Home Economy AGI Urges Smooth Transition from 1D1F to 24-Hour Economy Policy

AGI Urges Smooth Transition from 1D1F to 24-Hour Economy Policy

by Radarr Africa

The Association of Ghana Industries (AGI) has urged the government to ensure a seamless transition for companies that benefited from the One District, One Factory (1D1F) initiative into the new 24-hour economy policy.

AGI President, Dr. Humphrey Ayim-Darke, made the call during the opening session of the Ghana Industrial Summit and Exhibition and Best Forum 2025 in Accra. He said the industrial sector expects that companies under the 1D1F programme will be migrated into the 24-hour economy with stronger incentives to support business growth and prevent disruption.

Dr. Ayim-Darke explained that the AGI welcomes the government’s 24-hour economy agenda because it has the potential to boost productivity and position Ghana as a competitive industrial hub in the regional value chain. However, he stressed that the initiative must go beyond simply keeping businesses open all day and night.

“It needs a deliberate promotion of resilience, efficiency and global competitiveness. For businesses, it means ensuring reliable energy supply, efficient transport and logistics, and supportive policy frameworks that make continuous production feasible. Incentives for industry are a necessity, such as a tax exemption regime that can trigger the expansion of business operations,” he stated.

The three-day summit, holding from September 16 to 18, is being organised in collaboration with the Ministry of Environment, Science and Technology, alongside other partners. This year’s theme is “Unlocking Industrial Potential: Strategic Approaches for Ghana’s Economic Transformation.”

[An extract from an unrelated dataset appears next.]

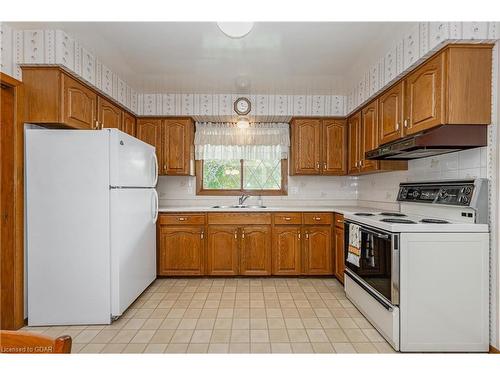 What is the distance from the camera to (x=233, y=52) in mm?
2670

Dr. Ayim-Darke also called for greater alignment among government agencies to ensure the success of the 24-hour economy initiative. He said coordination was vital to deliver transformational results that would enhance Ghana’s industrial and economic value chain.

Speaking on recent foreign exchange developments, the AGI President noted that the appreciation of the cedi has produced mixed outcomes. Importers of raw materials and finished products have benefited from reduced costs, but local manufacturers now face tougher competition due to the influx of cheaper imported goods.

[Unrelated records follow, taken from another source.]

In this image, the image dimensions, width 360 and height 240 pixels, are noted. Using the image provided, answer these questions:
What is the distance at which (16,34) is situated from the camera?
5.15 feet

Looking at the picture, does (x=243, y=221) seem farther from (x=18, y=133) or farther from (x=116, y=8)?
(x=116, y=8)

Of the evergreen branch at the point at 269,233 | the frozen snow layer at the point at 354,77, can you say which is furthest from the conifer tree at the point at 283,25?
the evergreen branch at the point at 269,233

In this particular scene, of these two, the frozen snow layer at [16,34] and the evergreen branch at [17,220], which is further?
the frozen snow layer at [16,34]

“This development is creating an uneven playing field, making it difficult for domestic industries to remain competitive,” he said.

According to him, the situation is being worsened by the rise in parallel and smuggled imports, including beverages from neighbouring countries, which are affecting the operations of companies like Guinness Ghana, Coca-Cola, and other beverage producers.

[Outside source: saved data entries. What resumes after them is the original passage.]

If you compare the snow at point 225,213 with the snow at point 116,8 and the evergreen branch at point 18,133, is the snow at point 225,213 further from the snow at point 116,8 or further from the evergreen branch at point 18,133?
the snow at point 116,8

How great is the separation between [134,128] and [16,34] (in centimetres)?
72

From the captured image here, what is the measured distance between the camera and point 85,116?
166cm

“These parallel imports bypass standard regulatory checks or evade appropriate duties, giving them an artificial cost advantage while local manufacturers who comply with stringent quality and tax requirements find themselves at a disadvantage. We urge regulatory bodies to enforce their mandates to correct such market failures. We can attest to a number of cartels that have ganged up and disrupted our operations through the border,” he added.

Dr. Ayim-Darke said industrialisation should not be viewed merely as an economic ambition but as a national necessity. He stressed that no country has achieved lasting prosperity without a strong industrial base, and Ghana must leverage its natural resources, human capital, and strategic location to become a manufacturing hub in West Africa.

“The challenge lies in unlocking this potential in a way that transforms our economy, creates decent jobs and enhances competitiveness,” he said.

He called for fair electricity tariff pricing and more investment in energy infrastructure to strengthen competitiveness for industries. He warned that without deliberate policy and regulatory interventions, local industries risk losing their competitive edge, which could derail the country’s industrialisation agenda and long-term economic transformation.

Dr. Ayim-Darke also urged the government to consider enforcing strict import standards to curb unfair competition from low-quality or unregulated parallel imports. He said incentivising local manufacturers remains essential to ensure the sustainability of Ghana’s industrial base.